§ 3-1-7. Amendments to articles of incorporation.  


Latest version.
  • (1) An association may amend its articles of incorporation by the affirmative vote of a majority of the members voting at:
    (a) a regular meeting; or
    (b) a special meeting called for that purpose.
    (2) Written notice of the proposed amendment and of the time and place of the meeting shall be provided to the members of the association by any one of the following procedures:
    (a) by mail at the last-known address at least 10 days prior to the meeting;
    (b) by personal delivery at least 10 days prior to the meeting; or
    (c) by publication not less than 10 days or more than 60 days prior to the meeting:
    (i) in a periodical published by or for the association, to which substantially all of its members are subscribers or;
    (ii) in a newspaper or newspapers whose combined circulation is general in the territory in which the association operates; and
    (iii) as required in Section 45-1-101.
    (3) In addition to one of the means set forth in Subsection (2), the association may give notice by any method established pursuant to the articles of incorporation or bylaws of the association.

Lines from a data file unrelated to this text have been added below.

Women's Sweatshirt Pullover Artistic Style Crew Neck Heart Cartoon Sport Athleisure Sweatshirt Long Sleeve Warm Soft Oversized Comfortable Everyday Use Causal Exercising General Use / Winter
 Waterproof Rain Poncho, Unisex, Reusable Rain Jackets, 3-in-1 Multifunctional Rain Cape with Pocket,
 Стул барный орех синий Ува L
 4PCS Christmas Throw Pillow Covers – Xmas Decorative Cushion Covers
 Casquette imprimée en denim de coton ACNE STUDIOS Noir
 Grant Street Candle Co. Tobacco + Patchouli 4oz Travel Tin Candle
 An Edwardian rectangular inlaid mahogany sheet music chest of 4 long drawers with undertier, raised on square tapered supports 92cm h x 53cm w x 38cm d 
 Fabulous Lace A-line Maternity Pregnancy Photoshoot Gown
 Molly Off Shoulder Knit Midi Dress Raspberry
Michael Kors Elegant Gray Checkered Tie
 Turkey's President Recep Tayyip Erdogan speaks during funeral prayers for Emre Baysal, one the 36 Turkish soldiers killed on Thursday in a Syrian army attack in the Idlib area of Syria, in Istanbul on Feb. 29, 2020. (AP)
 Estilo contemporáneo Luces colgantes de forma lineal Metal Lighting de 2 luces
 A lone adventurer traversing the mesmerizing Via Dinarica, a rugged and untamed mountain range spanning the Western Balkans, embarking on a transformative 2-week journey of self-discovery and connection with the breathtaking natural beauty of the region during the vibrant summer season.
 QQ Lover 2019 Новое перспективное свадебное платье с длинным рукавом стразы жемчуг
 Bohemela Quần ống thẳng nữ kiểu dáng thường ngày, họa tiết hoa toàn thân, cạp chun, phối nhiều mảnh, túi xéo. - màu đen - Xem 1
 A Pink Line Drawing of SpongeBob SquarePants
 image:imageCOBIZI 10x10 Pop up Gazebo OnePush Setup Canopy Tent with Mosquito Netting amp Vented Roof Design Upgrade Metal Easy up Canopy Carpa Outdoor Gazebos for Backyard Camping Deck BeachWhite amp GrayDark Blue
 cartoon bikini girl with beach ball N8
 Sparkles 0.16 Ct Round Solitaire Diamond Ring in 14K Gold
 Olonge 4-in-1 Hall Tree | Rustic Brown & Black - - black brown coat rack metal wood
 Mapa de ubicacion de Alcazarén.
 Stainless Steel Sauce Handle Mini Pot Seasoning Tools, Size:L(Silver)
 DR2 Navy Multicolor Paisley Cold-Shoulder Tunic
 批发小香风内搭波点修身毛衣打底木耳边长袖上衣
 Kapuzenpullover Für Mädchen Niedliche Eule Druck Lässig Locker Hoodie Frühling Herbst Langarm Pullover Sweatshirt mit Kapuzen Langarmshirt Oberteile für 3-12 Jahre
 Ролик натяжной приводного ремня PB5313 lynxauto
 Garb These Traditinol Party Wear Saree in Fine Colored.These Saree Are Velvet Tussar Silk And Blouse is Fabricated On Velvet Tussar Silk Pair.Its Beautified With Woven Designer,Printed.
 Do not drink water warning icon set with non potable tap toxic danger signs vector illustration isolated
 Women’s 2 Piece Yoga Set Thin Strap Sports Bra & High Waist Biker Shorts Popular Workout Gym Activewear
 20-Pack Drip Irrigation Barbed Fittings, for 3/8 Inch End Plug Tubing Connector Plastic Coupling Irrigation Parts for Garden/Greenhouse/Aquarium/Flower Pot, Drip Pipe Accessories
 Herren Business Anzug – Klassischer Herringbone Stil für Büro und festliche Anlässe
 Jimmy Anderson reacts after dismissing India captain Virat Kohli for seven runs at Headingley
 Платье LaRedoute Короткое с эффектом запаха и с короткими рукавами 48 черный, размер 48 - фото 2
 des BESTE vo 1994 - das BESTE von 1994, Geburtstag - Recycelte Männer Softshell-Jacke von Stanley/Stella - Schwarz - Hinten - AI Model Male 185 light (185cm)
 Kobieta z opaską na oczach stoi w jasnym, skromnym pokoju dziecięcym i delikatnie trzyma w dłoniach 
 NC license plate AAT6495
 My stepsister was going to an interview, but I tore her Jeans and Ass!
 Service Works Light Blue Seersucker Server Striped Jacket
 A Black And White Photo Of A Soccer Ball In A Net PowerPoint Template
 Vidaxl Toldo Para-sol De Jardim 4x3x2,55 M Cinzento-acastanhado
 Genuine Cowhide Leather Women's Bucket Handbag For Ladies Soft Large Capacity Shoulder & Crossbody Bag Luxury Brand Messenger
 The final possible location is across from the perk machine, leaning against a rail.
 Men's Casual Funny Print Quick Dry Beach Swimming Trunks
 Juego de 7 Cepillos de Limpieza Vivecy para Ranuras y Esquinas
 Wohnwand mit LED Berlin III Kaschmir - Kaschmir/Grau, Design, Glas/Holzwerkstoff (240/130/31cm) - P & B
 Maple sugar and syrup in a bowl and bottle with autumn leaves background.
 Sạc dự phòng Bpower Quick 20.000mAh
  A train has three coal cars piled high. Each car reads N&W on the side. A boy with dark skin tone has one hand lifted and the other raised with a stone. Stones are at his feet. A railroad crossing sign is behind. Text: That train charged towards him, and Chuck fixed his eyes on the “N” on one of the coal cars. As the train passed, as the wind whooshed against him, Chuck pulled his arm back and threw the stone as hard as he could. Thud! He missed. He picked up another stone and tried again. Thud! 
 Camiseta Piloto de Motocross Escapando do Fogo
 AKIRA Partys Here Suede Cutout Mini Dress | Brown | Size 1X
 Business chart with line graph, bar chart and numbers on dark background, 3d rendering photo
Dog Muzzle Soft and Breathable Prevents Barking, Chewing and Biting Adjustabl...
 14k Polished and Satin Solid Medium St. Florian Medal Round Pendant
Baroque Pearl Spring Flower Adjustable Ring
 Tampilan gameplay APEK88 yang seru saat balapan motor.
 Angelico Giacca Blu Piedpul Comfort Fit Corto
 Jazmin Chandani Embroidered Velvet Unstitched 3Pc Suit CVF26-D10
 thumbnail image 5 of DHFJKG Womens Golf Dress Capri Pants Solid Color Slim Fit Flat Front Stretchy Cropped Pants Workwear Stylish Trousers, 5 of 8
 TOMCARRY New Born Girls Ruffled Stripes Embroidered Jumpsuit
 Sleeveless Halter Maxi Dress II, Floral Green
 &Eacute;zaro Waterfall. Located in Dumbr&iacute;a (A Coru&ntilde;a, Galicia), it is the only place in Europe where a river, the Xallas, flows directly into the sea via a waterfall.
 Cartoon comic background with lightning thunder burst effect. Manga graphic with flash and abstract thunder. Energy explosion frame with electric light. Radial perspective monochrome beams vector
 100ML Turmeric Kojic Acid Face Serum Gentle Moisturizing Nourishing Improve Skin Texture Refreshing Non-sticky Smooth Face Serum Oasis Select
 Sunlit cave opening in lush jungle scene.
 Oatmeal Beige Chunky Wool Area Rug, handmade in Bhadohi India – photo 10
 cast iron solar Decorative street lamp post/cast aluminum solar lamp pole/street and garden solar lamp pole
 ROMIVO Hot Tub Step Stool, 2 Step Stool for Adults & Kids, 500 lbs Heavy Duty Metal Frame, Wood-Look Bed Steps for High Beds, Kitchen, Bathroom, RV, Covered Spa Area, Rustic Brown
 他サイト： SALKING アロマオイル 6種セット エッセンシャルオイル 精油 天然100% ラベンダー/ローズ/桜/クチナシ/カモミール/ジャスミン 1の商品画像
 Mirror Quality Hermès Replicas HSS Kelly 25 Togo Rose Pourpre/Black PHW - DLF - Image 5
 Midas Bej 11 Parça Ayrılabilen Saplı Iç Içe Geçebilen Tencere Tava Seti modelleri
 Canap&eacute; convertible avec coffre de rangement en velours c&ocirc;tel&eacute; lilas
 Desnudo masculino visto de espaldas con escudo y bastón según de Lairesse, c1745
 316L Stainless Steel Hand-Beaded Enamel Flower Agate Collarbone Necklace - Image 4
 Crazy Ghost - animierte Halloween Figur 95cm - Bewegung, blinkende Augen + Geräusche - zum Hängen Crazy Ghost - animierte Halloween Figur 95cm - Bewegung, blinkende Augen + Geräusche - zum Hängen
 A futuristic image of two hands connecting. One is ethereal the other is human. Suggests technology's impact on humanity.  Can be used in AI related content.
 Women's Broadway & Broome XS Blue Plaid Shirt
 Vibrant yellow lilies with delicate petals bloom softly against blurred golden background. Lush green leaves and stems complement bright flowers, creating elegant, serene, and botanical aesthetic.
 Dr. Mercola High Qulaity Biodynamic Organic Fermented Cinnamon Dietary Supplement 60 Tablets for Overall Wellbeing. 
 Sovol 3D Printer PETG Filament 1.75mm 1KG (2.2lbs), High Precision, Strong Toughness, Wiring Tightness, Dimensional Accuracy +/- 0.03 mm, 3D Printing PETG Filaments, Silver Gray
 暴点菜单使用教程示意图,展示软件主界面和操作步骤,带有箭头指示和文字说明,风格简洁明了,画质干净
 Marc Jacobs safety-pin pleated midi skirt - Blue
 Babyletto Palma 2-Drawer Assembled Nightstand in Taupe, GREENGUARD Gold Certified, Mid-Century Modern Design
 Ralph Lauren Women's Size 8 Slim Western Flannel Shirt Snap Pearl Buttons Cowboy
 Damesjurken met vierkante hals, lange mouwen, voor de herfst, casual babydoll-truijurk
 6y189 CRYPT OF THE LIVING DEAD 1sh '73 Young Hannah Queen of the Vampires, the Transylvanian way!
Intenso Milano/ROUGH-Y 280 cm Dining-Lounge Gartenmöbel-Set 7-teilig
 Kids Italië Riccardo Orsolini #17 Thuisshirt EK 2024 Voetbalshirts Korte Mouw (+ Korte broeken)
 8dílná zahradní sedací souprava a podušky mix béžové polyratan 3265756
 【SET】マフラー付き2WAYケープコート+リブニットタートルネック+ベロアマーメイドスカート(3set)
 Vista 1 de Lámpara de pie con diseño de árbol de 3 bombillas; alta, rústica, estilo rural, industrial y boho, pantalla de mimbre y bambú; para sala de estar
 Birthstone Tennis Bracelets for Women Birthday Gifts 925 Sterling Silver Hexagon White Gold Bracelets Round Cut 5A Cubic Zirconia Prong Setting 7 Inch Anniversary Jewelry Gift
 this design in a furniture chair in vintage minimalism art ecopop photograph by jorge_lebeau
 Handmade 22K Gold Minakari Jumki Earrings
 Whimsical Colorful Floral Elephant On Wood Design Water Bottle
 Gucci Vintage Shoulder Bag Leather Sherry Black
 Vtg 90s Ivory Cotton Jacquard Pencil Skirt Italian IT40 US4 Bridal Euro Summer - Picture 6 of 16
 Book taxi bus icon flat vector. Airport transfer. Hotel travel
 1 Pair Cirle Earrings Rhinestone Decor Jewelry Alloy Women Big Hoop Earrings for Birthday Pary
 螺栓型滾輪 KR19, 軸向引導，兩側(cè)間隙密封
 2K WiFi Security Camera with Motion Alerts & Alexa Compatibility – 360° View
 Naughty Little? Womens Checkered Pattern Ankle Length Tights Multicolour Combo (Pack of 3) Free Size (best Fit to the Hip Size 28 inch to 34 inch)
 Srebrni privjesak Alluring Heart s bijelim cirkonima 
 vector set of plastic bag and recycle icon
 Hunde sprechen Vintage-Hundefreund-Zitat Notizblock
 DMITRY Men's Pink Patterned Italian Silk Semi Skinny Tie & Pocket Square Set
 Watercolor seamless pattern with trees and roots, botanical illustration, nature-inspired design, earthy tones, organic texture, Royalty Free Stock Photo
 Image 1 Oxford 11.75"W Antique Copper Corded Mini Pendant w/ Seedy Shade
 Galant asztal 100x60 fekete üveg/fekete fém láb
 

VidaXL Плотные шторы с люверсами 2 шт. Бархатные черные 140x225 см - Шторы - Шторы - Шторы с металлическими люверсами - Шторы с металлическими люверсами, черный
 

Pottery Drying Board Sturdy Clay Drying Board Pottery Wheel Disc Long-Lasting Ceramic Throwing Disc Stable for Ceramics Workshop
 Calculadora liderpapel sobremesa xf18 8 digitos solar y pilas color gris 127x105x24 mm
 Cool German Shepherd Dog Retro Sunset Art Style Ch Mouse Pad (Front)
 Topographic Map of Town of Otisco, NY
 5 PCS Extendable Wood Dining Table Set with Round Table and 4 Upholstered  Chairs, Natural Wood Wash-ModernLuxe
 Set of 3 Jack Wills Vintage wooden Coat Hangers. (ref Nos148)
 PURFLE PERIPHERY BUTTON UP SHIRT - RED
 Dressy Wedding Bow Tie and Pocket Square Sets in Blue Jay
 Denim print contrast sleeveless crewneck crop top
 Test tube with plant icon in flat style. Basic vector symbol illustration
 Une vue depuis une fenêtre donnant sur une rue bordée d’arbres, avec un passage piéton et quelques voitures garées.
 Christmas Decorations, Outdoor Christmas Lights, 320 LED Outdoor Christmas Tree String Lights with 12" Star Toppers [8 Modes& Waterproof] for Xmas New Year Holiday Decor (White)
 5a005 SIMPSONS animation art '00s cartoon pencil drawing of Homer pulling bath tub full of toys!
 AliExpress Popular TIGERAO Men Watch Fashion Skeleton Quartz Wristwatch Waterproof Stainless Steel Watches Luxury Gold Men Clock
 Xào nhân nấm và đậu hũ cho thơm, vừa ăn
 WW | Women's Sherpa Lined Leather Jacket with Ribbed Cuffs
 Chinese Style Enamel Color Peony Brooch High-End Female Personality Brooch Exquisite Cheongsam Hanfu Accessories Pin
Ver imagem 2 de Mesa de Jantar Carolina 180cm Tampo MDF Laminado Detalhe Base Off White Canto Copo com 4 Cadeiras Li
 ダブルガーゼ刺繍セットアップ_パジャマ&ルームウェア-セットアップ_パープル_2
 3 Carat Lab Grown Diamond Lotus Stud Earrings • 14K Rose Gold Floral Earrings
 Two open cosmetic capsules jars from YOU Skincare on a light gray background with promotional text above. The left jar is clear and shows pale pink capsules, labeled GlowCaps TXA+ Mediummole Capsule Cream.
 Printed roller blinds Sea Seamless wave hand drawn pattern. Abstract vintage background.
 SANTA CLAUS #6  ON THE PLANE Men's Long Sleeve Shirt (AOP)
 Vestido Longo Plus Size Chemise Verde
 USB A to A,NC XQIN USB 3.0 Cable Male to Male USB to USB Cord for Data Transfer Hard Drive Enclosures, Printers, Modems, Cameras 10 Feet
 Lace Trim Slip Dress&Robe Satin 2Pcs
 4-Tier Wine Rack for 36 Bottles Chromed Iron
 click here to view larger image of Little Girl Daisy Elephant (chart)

    (4) The bylaws may require that the notice period be longer than 10 days.
    (5) An amendment affecting the preferential rights of any outstanding preferred stock may not be adopted until the written consent of the holders of a majority of the outstanding preference shares has been obtained.
    (6) After an amendment has been adopted, articles of amendment shall be:
    (a) prepared, in duplicate, setting forth the amendment and the fact of the adoption;
    (b) signed and acknowledged by the president, chair, vice president, or vice chair and by the secretary or treasurer; and
    (c) filed in the same manner as the original articles of incorporation.